Spariglia, Diego Mingarelli. «Le Marche terra di conquista? Il punto è che siamo in grado di attrarre investimenti esteri». Il marchigiano che, da Sassoferrato, alla guida della sua Diasen rivoluziona l’imprenditoria con l’edilizia green, ha una ferrea convinzione: «La piccola dimensione non è solo un ostacolo». 

 
Procediamo per ordine, cronologico: il Cantiere delle Marche diventa una proprietà austriaca; le vernici speciali della Ica Group di Civitanova sono ormai a stelle e strisce. Il mercato non dà tregua. 
«Il controcanto: la qualità e la creatività delle nostre aziende trovano spazio nel mondo. Sta a noi creare realtà sempre più competitive». 
Il rischio è che si tratti di un processo asimmetrico. A senso unico. Concorda? 
«In parte sì. Non accade il il corrispettivo perché le nostre piccole imprese, va ammesso, hanno elementi di fragilità. Sono meno forti sul fronte del credito, della finanza, quindi per loro è più difficile poter scommettere sulle acquisizioni. Vorrei citare la mia esperienza personale». 
Proceda.
«Vendo i miei prodotti innovativi in cinquanta Paesi in giro per il mondo. Ma prima di crescere per linee esterne mi sono dovuto concentrare sullo sviluppo di quelle interne. Ho fatto tutto da solo. È stato un percorso faticoso, in salita, ma, come vede, non impossibile».
Lei ne è la dimostrazione sul campo. La sua è una delle 100 eccellenze italiane della bioedilizia, tanto da essere inserita in più edizioni del prestigioso rapporto GreenItaly.

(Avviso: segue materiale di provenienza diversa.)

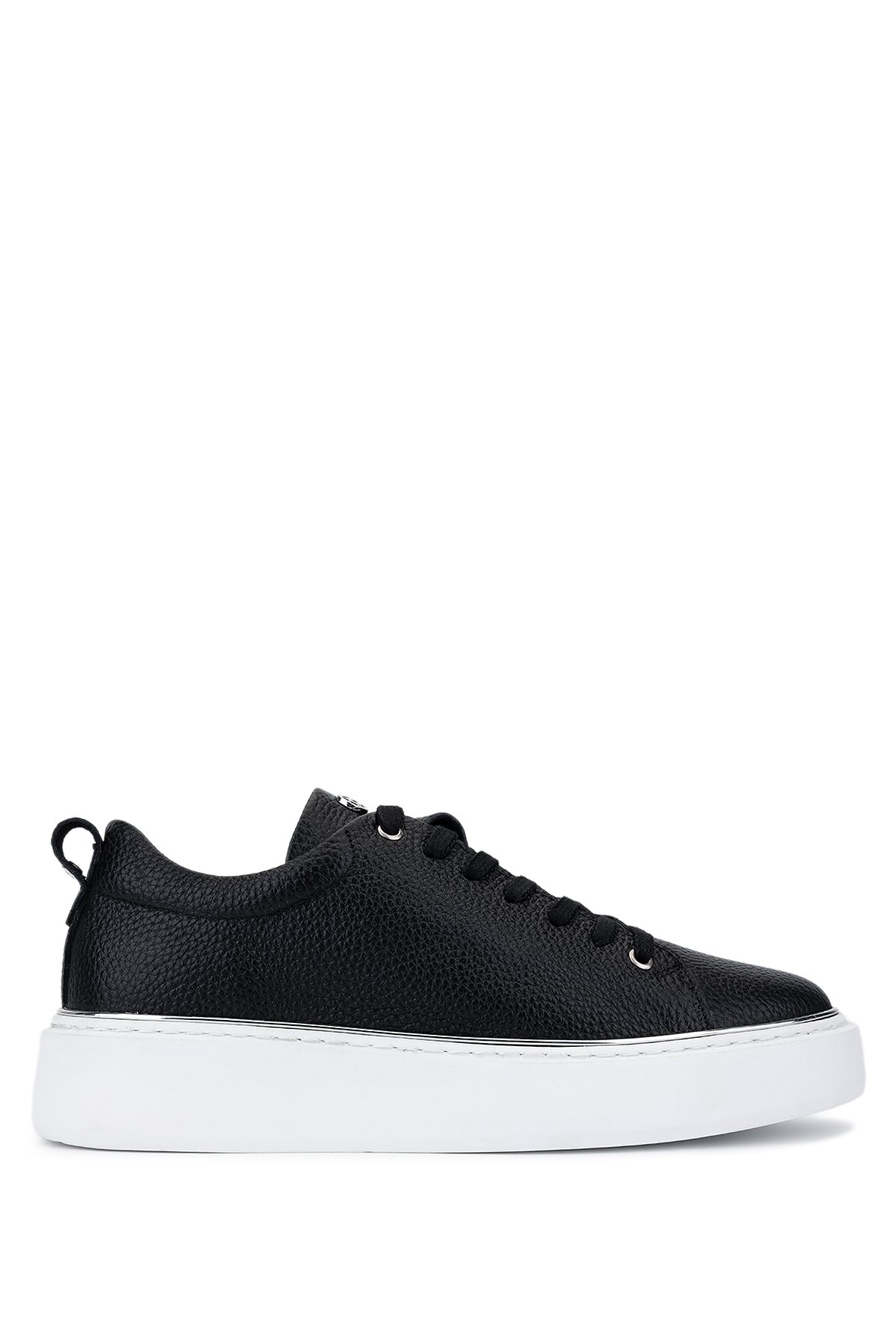 Tamer Tanca Erkek Siyah Floter Sneakers & Spor Ayakkabı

«Siamo una B Corp. Vantiamo una certificazione che identifica chi si impegna a rispettare determinati standard - performance, trasparenza e responsabilità - e chi opera in modo tale da ottimizzare il proprio impatto positivo verso i dipendenti, le comunità nelle quali opera e l’ambiente. Abbiamo sempre puntato sulla sostenibilità quando ancora non ne parlava nessuno».

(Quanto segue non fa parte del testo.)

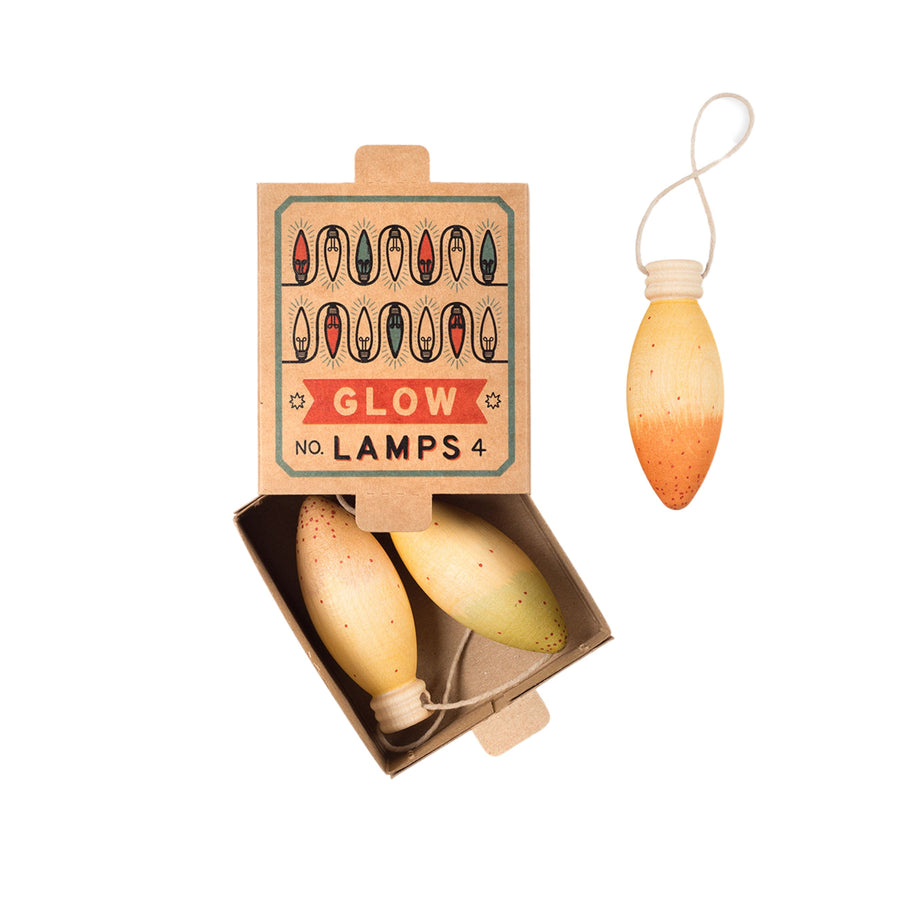 Grapat Wooden Ornament (Glow Lamps)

Ripassiamo dal via: il pericolo di perdere i gioielli di famiglia è alto. Quanto? 
«Mi perdoni se mi ostino a voler vedere il positivo insito nella nostra storia». 
Insista pure.
«L’ossatura delle Marche è fatta di piccole fabbriche, flessibili, sensibili alla coesione, al rapporto diretto. Il successo è determinato dalla visione degli imprenditori e dalla qualità dei collaboratori. Insieme hanno un grande potenziale». 
La sua formula per spaziare in ogni angolo del pianeta consiste nelle nicchie di eccellenza. Giusto? 
«Esatto. Potremmo essere campioni del futuro, ma non sempre ne siamo consapevoli».
Colpa di chi? 
«Non cerco responsabili. Certo, andiamo supportati con infrastrutture efficienti, con un accesso agevole al credito. Alla riuscita di una missione concorrono sempre diversi fattori. Tuttavia, è il principio che mi sostiene, non parla solo il fatturato».
Torna a battere sulla questione dimensionale. 
«Mi ripeto: è uno dei parametri per definirci, ma non l’unico. Noi compriamo il sughero in Sardegna, lo lavoriamo con nostri brevetti a Sassoferrato, un piccolo centro del Fabrianese, per farne un componente strategico delle nostre biomalte e pitture per la bioedilizia. Siamo nati sostenibili, il tempo ci ha dato ragione. Il mondo anche».
Ridimensionato il teorema della terra di conquista, su cosa punta? 
«Sull’innovazione. Tanta. La sfida del futuro è tutta da giocare. Dobbiamo crederci».